As consequências dessa repressão foram dramáticas. Desde
as crescentes deserções engrossando as fileiras do ELS até o crescimento
de lideranças religiosas na revolução com consignas reacionárias. Eles
apenas dividem os trabalhadores ocultando que os interesses do conjunto
da classe não são distintos, seja de um sunita, xiita, alauita, curdo,
cristão ou druso. O resultado é também um coesionamento das forças sob
controle de Assad.
A forma de impedir a completa degeneração do
processo revolucionário em curso, de barrar uma intervenção militar
imperialista ou dos regimes da região diretamente, é a entrada em cena
das massas trabalhadoras com seus métodos históricos de greves gerais,
manifestações de massas, ocupação de fábricas e empresas colocando-as
sob o controle dos trabalhadores, demonstrando quem é que comanda e
controla a economia da sociedade, paralisando o regime até a sua
liquidação. Este é o caminho para uma saída positiva frente a atual
situação e ao sofrimento das massas sírias.
O que necessita a
revolução síria para salvar-se é a constituição imediata de conselhos
populares de trabalhadores, em todas as fábricas e locais de trabalhos,
mas também nos bairros, democraticamente eleitos, a organização de
milícias armadas proletárias sob controle dos Conselhos, armamento geral
das massas, para depor Assad e varrer o regime. Frente a estas ações o
regime seu exército se desagregarão. Foi assim no Irã em 1979, foi assim
na Tunísia e em tantas outras revoluções.
A emancipação dos
trabalhadores será obra dos próprios trabalhadores, como disse Marx,
assim repudiamos e nos opomos a qualquer intervenção estrangeira, mesmo
que envolta no véu “humanitário”. Que o povo sírio, através de conselhos
revolucionários e da tomada do poder resolva a situação tomando seu
destino em suas próprias mãos.
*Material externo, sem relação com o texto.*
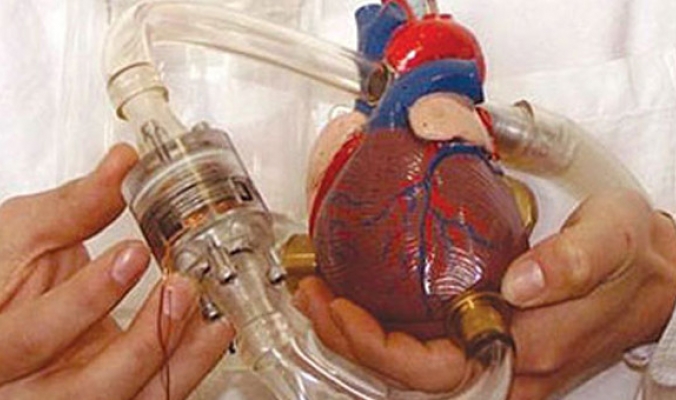 قلب صناعى يعمل ببطارية لإطالة حياة مرضى القلب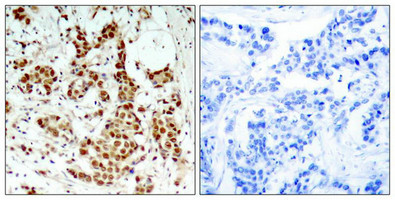 Immunohistochemical analysis of paraffin-embedded human breast carcinoma tissue using p90RSK(Phospho-Thr348) Antibody(left) or the same antibody preincubated with blocking peptide(right).
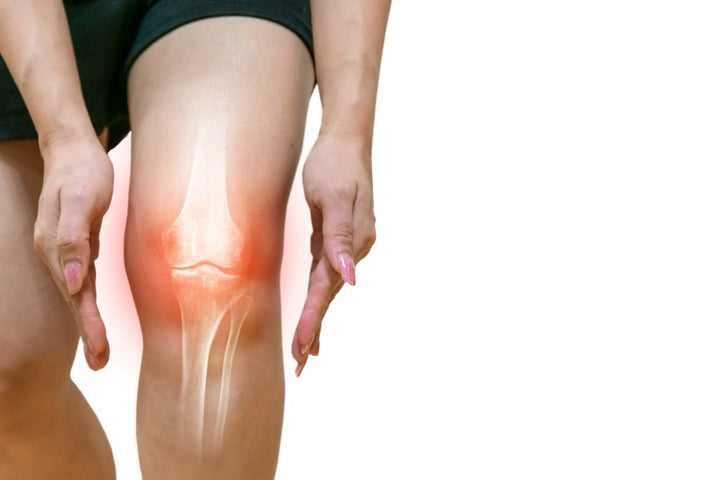a pictorial representation of a woman's knee joint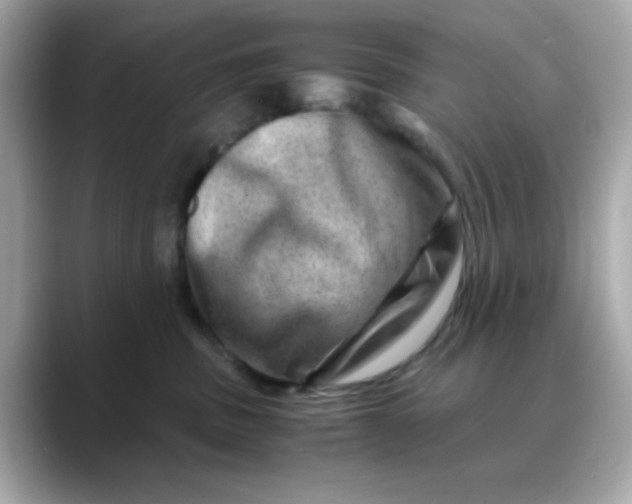 X0000088440379200706051252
Nenhuma confiança no CNS ou no ELS que
apenas militarizou a revolução apagando o protagonismo e participação
popular do processo, transformando em guerra civil sangrenta de duas
frações reacionárias em luta pelo poder, sem que nenhuma represente um
futuro digno ou o final das condições que propiciaram o início dos
protestos das massas sírias.
As massas são plenamente capazes de concluir o processo revolucionário que iniciaram.
Uma
união de todos os trabalhadores do campo e da cidade, sem divisões
religiosas ou étnicas, a partir da deposição de Assad, deve constituir o
único poder legítimo e reconhecido, para que as tarefas da revolução
sejam conduzidas até o fim.
Essas são as condições para que a
revolução não se perca e tenha por consequência mais que a deposição de
um tirano sanguinário, mas o início de um tempo onde todas as riquezas
socialmente produzidas deixem de ser apropriadas por uma camarilha de
parasitas e passem a ser distribuídas e utilizadas no interesse social
do povo sírio.
Fora disso, se as tropas imperialistas entrarem na
Síria as armas dos revolucionários estarão voltadas contra eles. De uma
intervenção imperialista só se pode esperar a desagregação da Síria,
como fizeram na Somália e agora na Líbia, e um aumento do sodfrimento de
todo o povo e ameaças sobre toda a revolução árabe e do Magreb.
Fora com a intervenção imperialista! Viva a primavera árabe!